I skipped SXSW this year, and didn’t miss it much. But apparently, 2009 Me took some steps to keep 2010 Me in the loop just so I wouldn’t feel left out. I woke up this morning to an email I’d sent myself a year ago using FutureMe.org. The subject line read, “listenupmotherfucker.” (And I’m such a nice person to everyone else…)
If you’ve watched me twitter on New Years, you know I make a grandiose attempt to discourage everyone in the world from making resolutions. Resolutions are often about picking something really hard that you feel guilty about, and throwing yourself at it drunkenly with all your might, only to fail in about a month. What does that really do, besides pull a few muscles and prove your incompetence? We need better traditions.

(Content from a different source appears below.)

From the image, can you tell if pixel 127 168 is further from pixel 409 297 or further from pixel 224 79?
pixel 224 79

Mine is writing a letter to myself a year in the future. I include reminders, predictions, ideas, requests, and stories I want to carry forward. It’s me having an ongoing, ritualized conversation between the past, the present, and the future, and I love it. I love watching my own story unfold in a correspondence with myself over time.
Except last year I fucked it up.
Last year I forgot to write myself a letter on New Years, and it bugged me for months. So on March 17th, St. Patrick’s Day and the end of SXSWi, after two weeks of traveling, I decided that despite being too wrecked to move, I could see the whole timeline of my life Very Clearly and had a LOT to say about it.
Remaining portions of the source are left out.